Data items
*** Begin section ***
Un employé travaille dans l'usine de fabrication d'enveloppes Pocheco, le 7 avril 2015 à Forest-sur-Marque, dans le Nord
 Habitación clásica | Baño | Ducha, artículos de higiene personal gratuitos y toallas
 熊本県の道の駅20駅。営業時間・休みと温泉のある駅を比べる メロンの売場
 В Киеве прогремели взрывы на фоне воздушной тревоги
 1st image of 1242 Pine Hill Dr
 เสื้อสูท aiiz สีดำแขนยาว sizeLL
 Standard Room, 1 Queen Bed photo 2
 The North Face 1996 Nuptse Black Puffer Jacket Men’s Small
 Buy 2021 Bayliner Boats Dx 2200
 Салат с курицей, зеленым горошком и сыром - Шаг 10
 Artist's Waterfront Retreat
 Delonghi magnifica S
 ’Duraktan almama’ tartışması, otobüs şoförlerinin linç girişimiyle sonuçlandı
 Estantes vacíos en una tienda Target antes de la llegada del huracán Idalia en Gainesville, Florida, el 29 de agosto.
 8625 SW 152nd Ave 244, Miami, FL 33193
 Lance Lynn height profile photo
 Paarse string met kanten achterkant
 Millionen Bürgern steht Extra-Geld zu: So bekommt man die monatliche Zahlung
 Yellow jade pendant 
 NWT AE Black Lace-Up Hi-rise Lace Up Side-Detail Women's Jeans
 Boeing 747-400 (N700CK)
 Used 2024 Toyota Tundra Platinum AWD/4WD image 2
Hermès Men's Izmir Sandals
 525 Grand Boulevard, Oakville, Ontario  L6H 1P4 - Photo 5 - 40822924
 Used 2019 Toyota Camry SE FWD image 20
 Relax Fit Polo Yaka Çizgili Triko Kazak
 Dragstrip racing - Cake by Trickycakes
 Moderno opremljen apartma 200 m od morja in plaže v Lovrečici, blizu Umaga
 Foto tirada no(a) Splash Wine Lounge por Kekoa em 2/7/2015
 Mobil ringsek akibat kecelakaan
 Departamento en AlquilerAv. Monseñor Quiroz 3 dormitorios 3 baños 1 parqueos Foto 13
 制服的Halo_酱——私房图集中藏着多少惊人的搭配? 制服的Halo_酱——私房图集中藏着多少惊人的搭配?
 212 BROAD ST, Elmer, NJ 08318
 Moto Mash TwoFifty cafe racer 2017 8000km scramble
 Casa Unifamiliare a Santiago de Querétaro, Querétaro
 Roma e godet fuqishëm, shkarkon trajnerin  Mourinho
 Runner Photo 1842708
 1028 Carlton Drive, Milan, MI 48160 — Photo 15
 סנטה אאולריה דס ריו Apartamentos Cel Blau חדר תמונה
*** End section ***
→ **Exercise details**: Filter the data above by the word "Foto" and copy every line that matches.

→ **Result for this task**:
 Foto tirada no(a) Splash Wine Lounge por Kekoa em 2/7/2015
 Departamento en AlquilerAv. Monseñor Quiroz 3 dormitorios 3 baños 1 parqueos Foto 13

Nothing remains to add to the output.